From e7309a34a39d50786c4fa283bdafbf0e030b116f Mon Sep 17 00:00:00 2001
From: Rattus <rattus128@gmail.com>
Date: Sat, 14 Mar 2026 01:52:53 +1000
Subject: [PATCH] mm: Implement file_slice path for QT

---
 comfy/memory_management.py | 15 +++++++++++++++
 comfy/model_management.py  |  4 ++--
 2 files changed, 17 insertions(+), 2 deletions(-)

diff --git a/comfy/memory_management.py b/comfy/memory_management.py
index df23e4497..34d55943c 100644
--- a/comfy/memory_management.py
+++ b/comfy/memory_management.py
@@ -1,6 +1,7 @@
 import math
 import ctypes
 import threading
+import dataclasses
 import torch
 from typing import NamedTuple
 import logging
@@ -17,6 +18,20 @@ class TensorFileSlice(NamedTuple):
 
 def read_tensor_file_slice_into(tensor, destination):
 
+    if isinstance(tensor, QuantizedTensor):
+        if not isinstance(destination, QuantizedTensor):
+            return False
+        if tensor._layout_cls != destination._layout_cls:
+            return False
+
+        if not read_tensor_file_slice_into(tensor._qdata, destination._qdata):
+            return False
+
+        dst_orig_dtype = destination._params.orig_dtype
+        destination._params.copy_from(tensor._params, non_blocking=False)
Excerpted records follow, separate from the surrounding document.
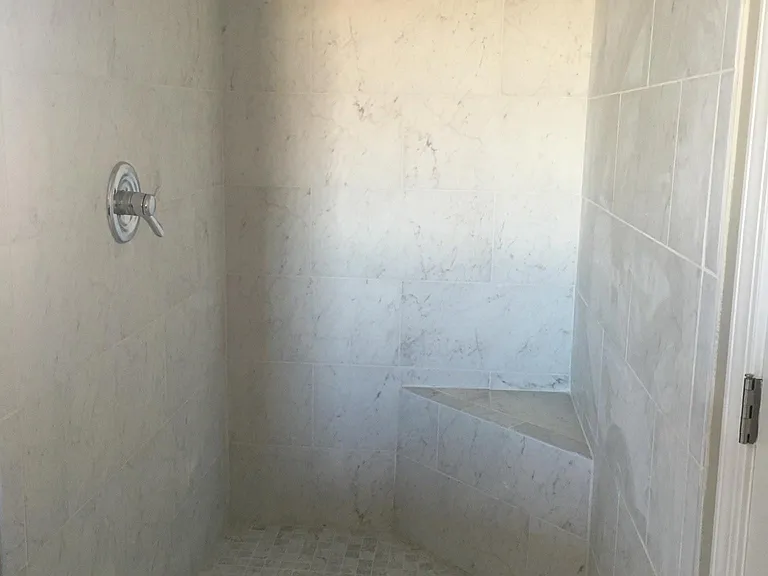2270 Crystal Ln — Photo 10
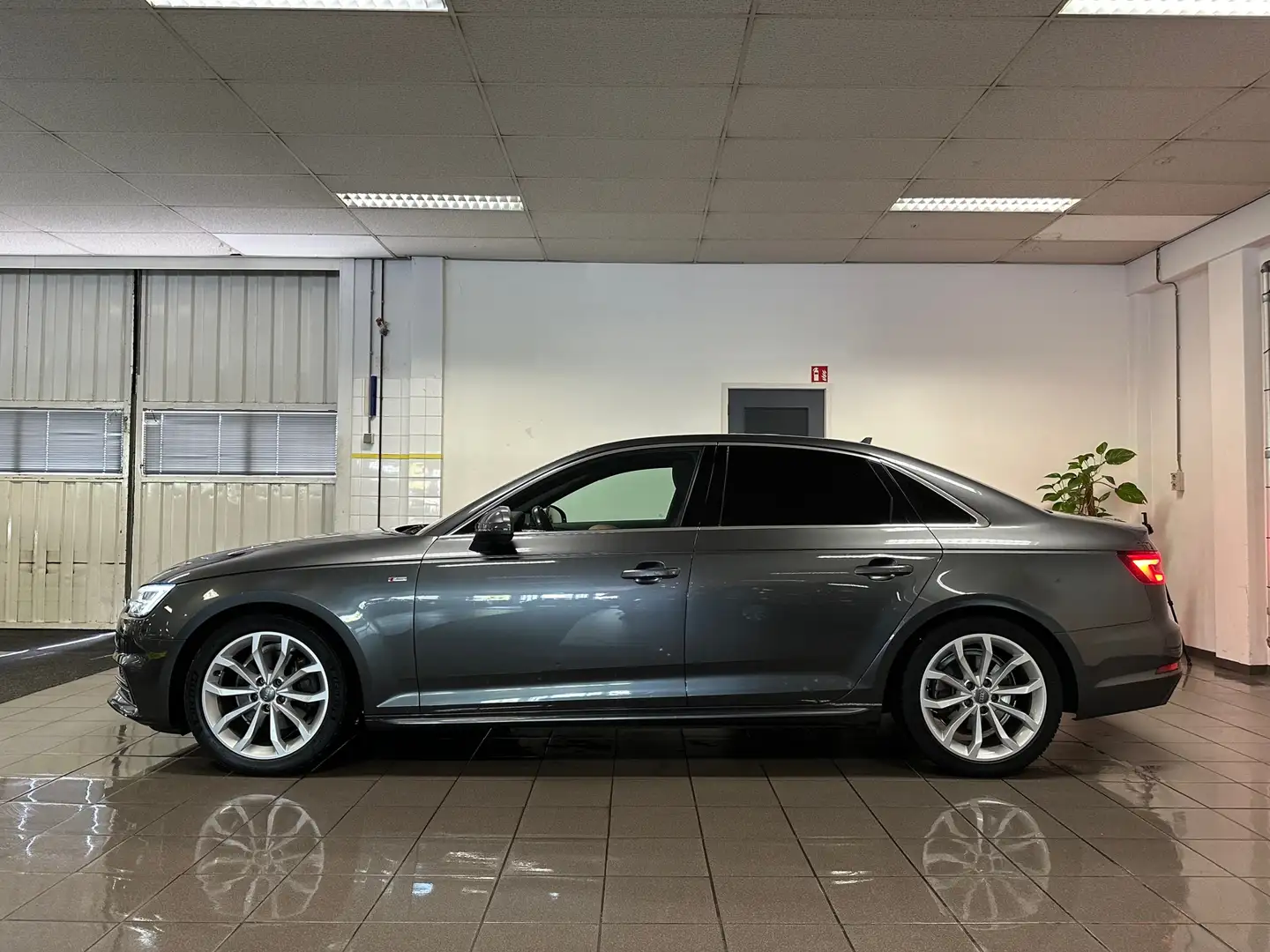Audi A4 Limousine 1.4 TFSI Sport S-Line * Automaat / B&O / Grau - 2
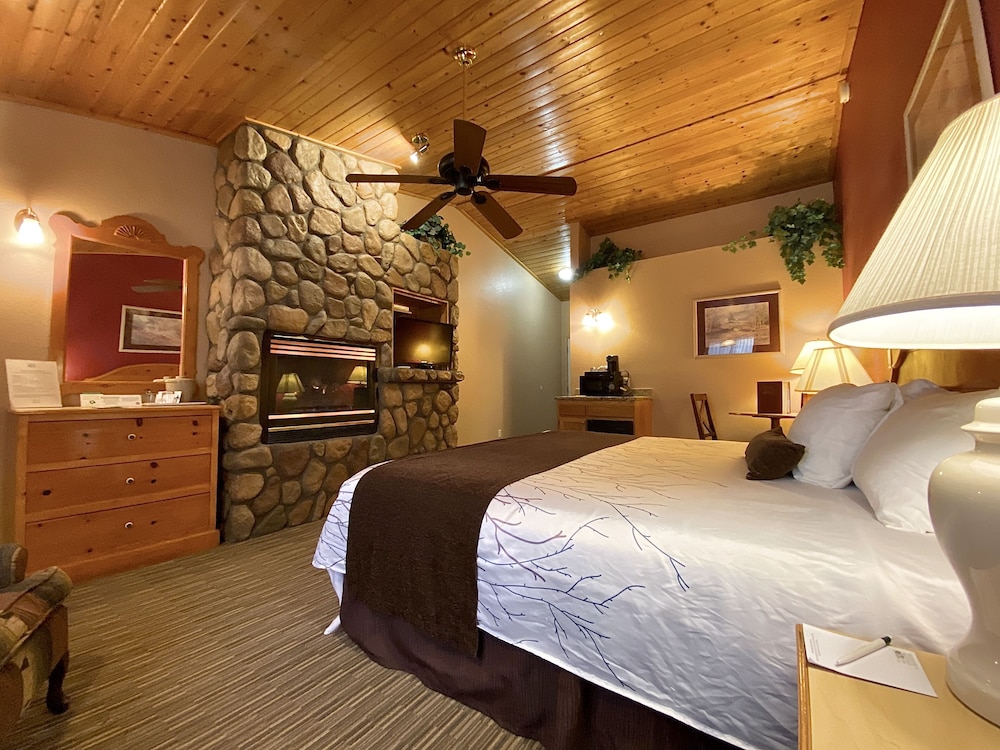 Majestic Mountain Inn - photo 10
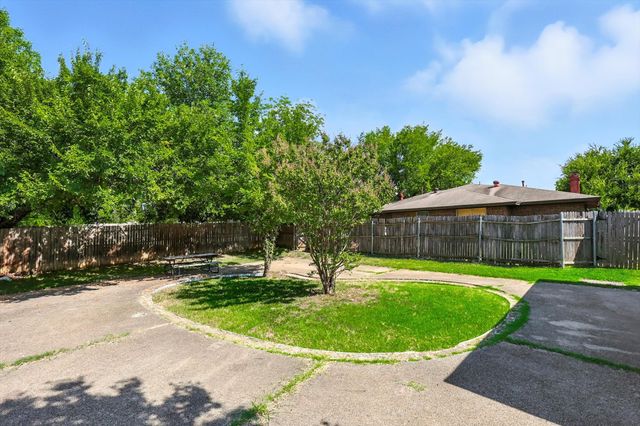 1516 W 7th Street, Irving, TX 75060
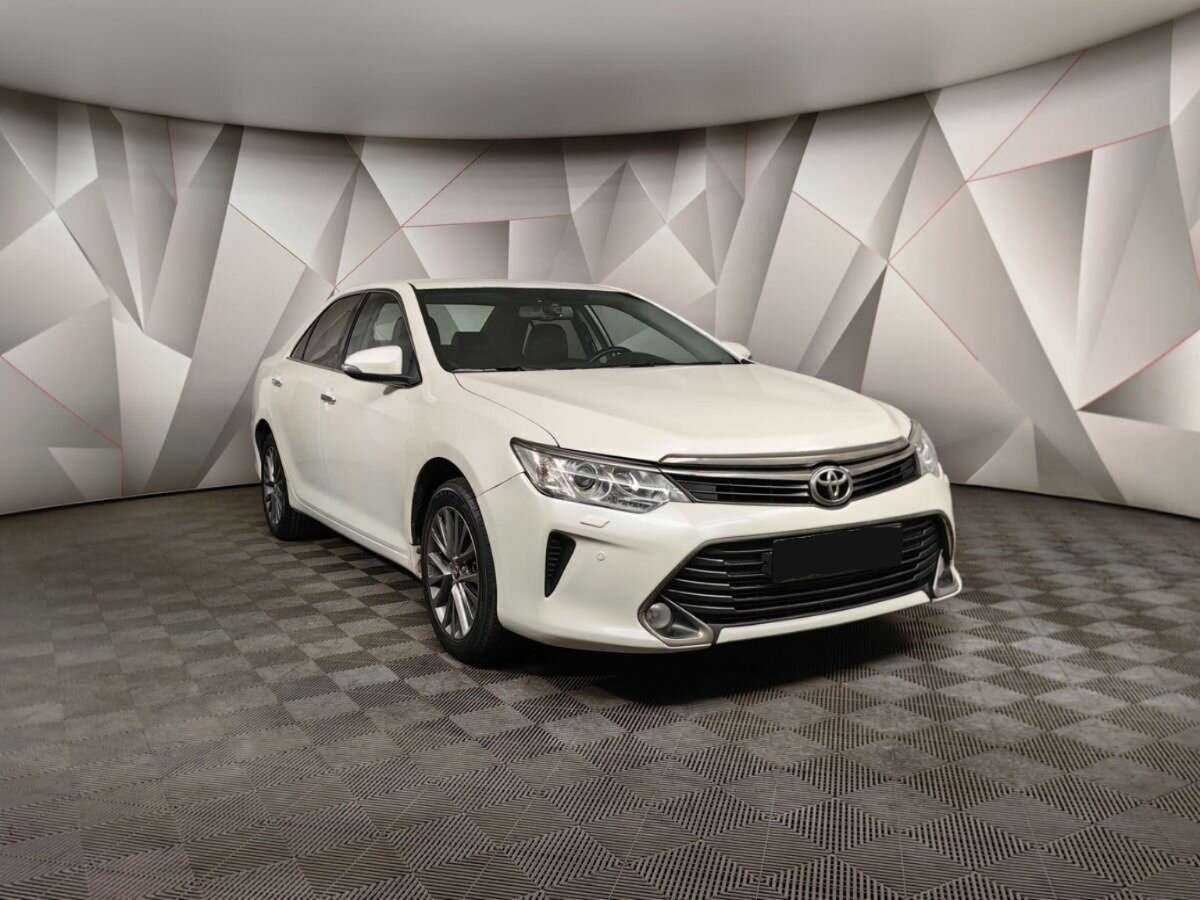 Toyota Camry с пробегом — 2017 год. Фото: #2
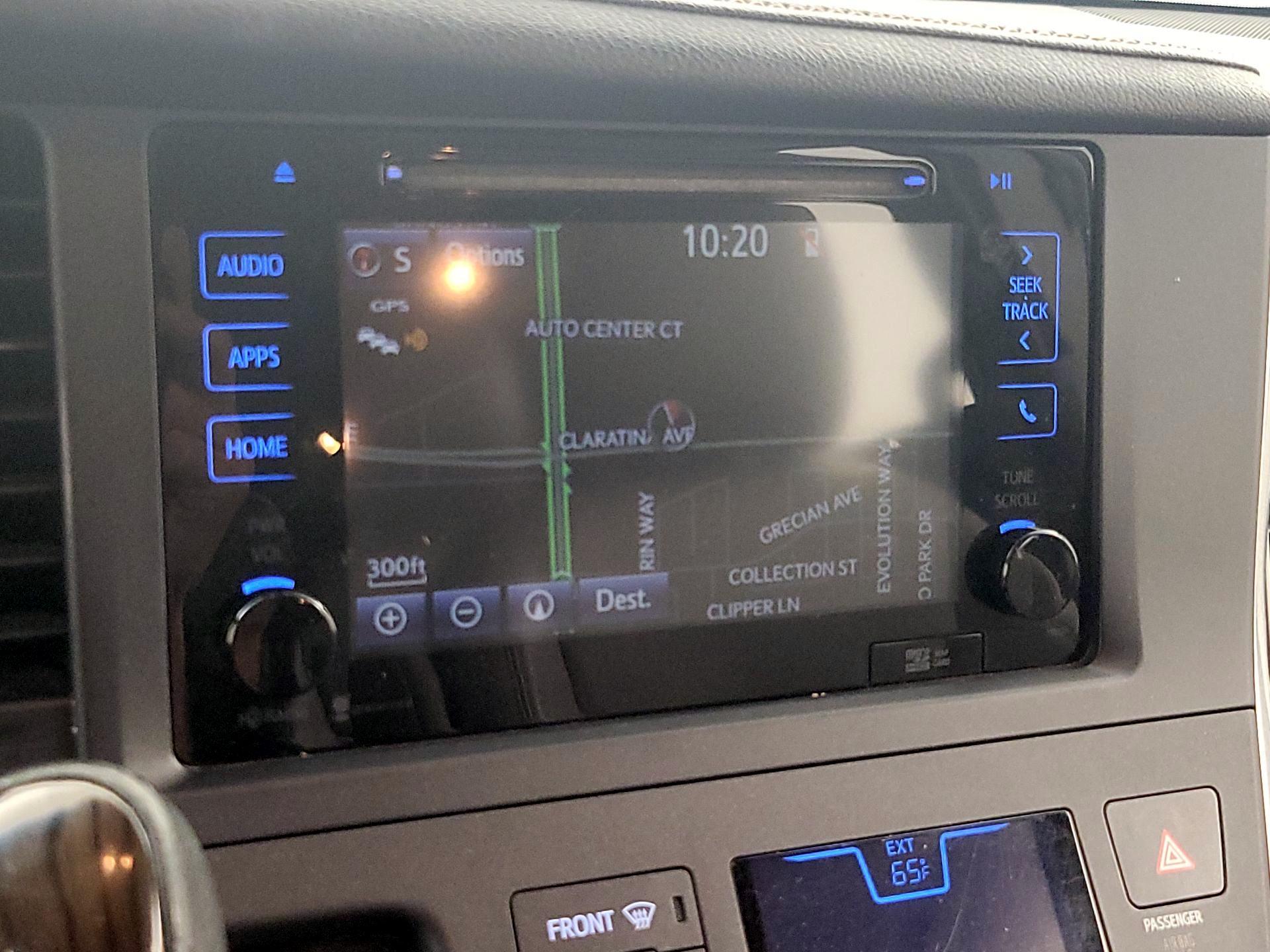 Thumbnail: 2015 Toyota Sienna - 14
+        destination._params = dataclasses.replace(destination._params, orig_dtype=dst_orig_dtype)
+        return True
+
     info = getattr(tensor.untyped_storage(), "_comfy_tensor_file_slice", None)
     if info is None:
         return False
diff --git a/comfy/model_management.py b/comfy/model_management.py
index c17f46d01..4d5851bc0 100644
--- a/comfy/model_management.py
+++ b/comfy/model_management.py
@@ -513,7 +513,7 @@ def module_mmap_residency(module, free=False):
     for k in sd:
         t = sd[k]
         module_mem += t.nbytes
-        storage = t.untyped_storage()
+        storage = t._qdata.untyped_storage() if isinstance(t, comfy.quant_ops.QuantizedTensor) else t.untyped_storage()
         if not getattr(storage, "_comfy_tensor_mmap_touched", False):
             continue
         mmap_touched_mem += t.nbytes
@@ -1272,7 +1272,7 @@ def cast_to_gathered(tensors, r, non_blocking=False, stream=None):
                 continue
             if comfy.memory_management.read_tensor_file_slice_into(tensor, dest_view):
                 continue
-            storage = tensor.untyped_storage()
+            storage = tensor._qdata.untyped_storage() if isinstance(tensor, comfy.quant_ops.QuantizedTensor) else tensor.untyped_storage()
             if hasattr(storage, "_comfy_tensor_mmap_touched"):
                 storage._comfy_tensor_mmap_touched = True
             dest_view.copy_(tensor, non_blocking=non_blocking)